Basic First Aid: If dot-com is feverish, administer fluids, sponge with cool water, and cancel deals with celebrity partners until burn rate diminishes. If dot-com is unconscious, gently elevate the CEO's computer and wrap a warm blanket until you think of something useful to do. If dot-com is in the broadband entertainment category, immediately administer Pentium IV computers and DSL lines to the 98% of the country unable to view your product. Issue press release delaying Website redesign by two weeks.

Advanced First Aid: Grasp your venture capitalist from behind. Place your fist on his abdomen and squeeze firmly until he coughs up more cash. In a clear, loud voice, declare that you dot-com is not a Web property but a means to extend into more reputable industries, such as communications, auto repair, and escort services. Issue press release announcing shift from B2C to B2B (or vice versa).

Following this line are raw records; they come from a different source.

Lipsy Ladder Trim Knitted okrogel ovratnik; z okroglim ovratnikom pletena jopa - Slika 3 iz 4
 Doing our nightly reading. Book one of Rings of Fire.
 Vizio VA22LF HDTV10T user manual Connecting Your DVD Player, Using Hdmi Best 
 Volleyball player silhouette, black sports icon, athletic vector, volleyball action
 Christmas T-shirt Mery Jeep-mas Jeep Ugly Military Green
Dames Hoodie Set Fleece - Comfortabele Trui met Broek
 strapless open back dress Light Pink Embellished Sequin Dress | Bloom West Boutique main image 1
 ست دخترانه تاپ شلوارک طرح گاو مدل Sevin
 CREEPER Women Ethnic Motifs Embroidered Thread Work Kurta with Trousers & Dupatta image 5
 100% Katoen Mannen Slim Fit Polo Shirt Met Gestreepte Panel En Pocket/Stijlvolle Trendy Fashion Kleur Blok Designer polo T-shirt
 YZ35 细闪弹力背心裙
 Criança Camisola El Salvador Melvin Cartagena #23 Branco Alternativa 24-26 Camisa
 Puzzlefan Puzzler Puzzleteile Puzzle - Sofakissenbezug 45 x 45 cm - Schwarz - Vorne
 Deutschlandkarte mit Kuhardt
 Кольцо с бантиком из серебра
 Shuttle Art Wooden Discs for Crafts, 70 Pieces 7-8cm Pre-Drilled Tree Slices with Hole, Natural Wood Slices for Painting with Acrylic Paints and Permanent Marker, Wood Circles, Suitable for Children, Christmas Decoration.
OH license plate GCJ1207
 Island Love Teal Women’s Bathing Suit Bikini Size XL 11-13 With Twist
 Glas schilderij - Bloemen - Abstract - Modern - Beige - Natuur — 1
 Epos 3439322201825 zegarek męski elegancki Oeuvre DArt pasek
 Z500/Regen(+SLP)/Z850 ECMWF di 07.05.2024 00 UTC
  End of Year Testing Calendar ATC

Giving Up: Ask employees to work for free and bring computers from home. If any money remains in petty cash, send fruit basket to Jeff Bezos. Issue press release stating that your dot-com was "ahead of its time." Sell domain name on eBay.

Warning Signs of a Dying Dot-Com:

1. Casually "postpones" IPO 2. Blocks internal access to f---edcompany.com 3. Replaces 180 full-time employees with two interns and a chatterbot.